Charterers should also act quickly when a misdescription is discovered. Delay, continued employment, new voyage orders, sub-fixtures, or unconditional demands for performance may weaken or destroy more serious remedies. Reservation of rights should be used carefully and supported by conduct consistent with the rights being reserved.
Shipbrokers’ Role in Avoiding Misdescription
Shipbrokers play a central role because most ship descriptions pass through shipbroking communications before becoming part of the fixture. A shipbroker should accurately transmit information, avoid unauthorized guarantees, and ensure that any correction is passed to the other side immediately.During negotiations, shipbrokers should distinguish between indications, estimates, warranties, and firm contractual descriptions. They should also ensure that the final recap is consistent with the ship questionnaire and that any “subject details,” “subject stem,” “subject receivers’ approval,” or “subject charterers’ reconfirmation” wording is properly understood.

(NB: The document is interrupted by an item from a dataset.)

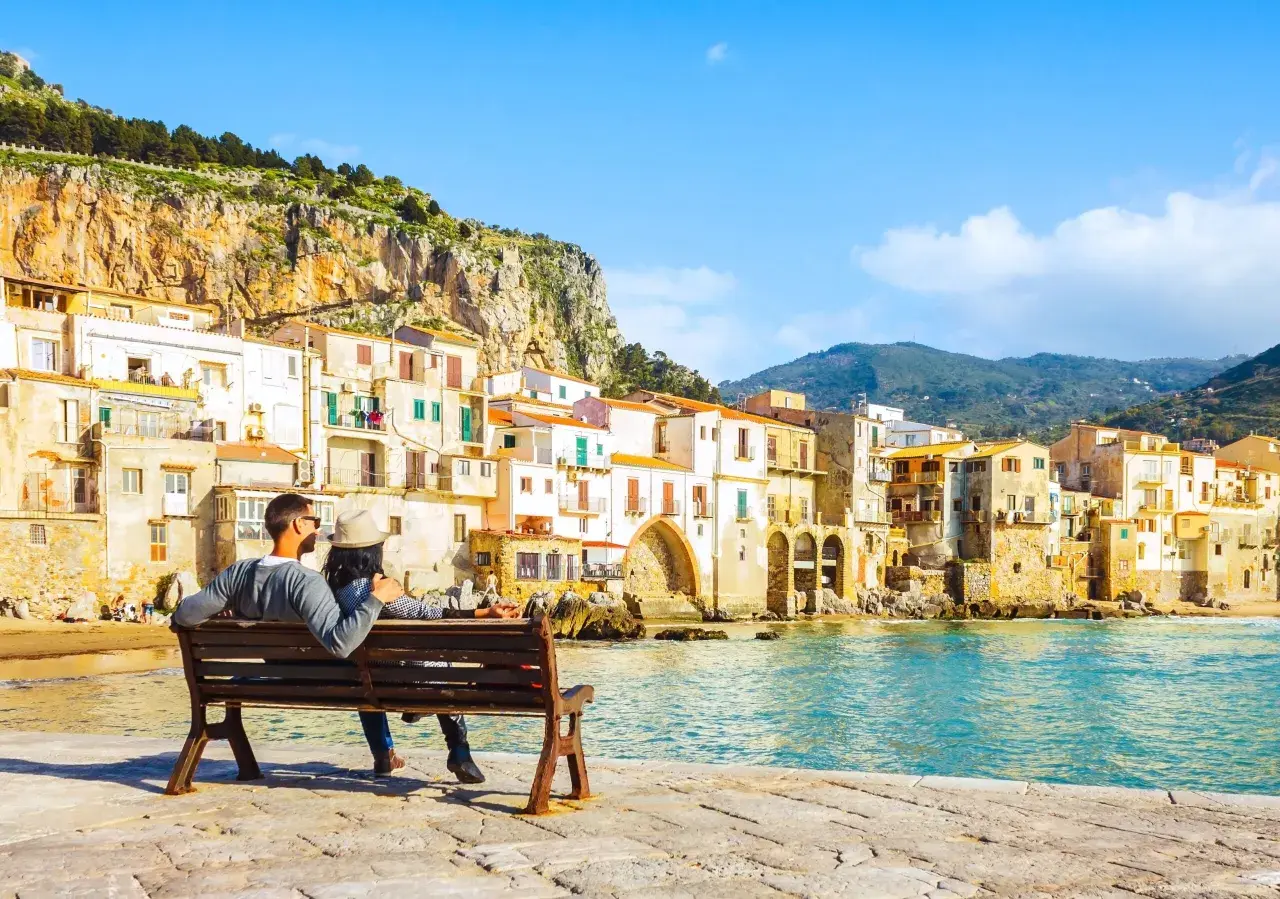 Coppia seduta su una panchina, ammira il mare e le case colorate di Cefalù, un luogo perfetto per vacanze in Sicilia sul mare.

Because English law treats “subject details” as a serious qualification, the parties should be clear about when they intend to be legally bound. A misunderstanding about whether a fixture is already binding can create major disputes when a ship description changes during the subject stage.
Best Practices for Drafting Ship Description Clauses
A well-drafted ship description clause should be precise, updated, and commercially realistic. The clause should identify which details are guaranteed, which are approximate, and which are provided for information only. For speed and consumption, the clause should define weather criteria, sea state, wind force, current treatment, good-weather periods, laden and ballast conditions, and any tolerance margin.For capacity and cargo suitability, the clause should state whether the figures relate to grain capacity, bale capacity, tank capacity, deadweight, summer draft, tropical draft, or a specific loading condition. For geared ships, safe working load, grab suitability, outreach, and operational limitations should be specified. For specialist cargoes, required certificates and equipment should be named clearly.
Clear drafting reduces the risk that a commercial disagreement becomes a legal dispute. It also helps the parties price the risk properly at the fixture stage.
Conclusion
Ship misdescription in charterparty is a practical and legal risk that can affect every stage of a fixture, from negotiation to delivery, performance, claims, and termination. The ship’s description is often central to the charterer’s commercial calculation. If the ship is materially different from the description agreed, the charterer may have a claim for damages and, in serious cases, may seek stronger remedies.However, not every incorrect statement allows rescission or termination. The courts will examine whether the statement was a contractual term or representation, whether it induced the contract, whether the breach was serious enough, and whether the innocent party’s later conduct preserved or lost the remedy. The safest approach for shipowners, charterers, and shipbrokers is to describe the ship accurately, verify critical details before lifting subjects, draft essential terms clearly, and act consistently when a misdescription is discovered.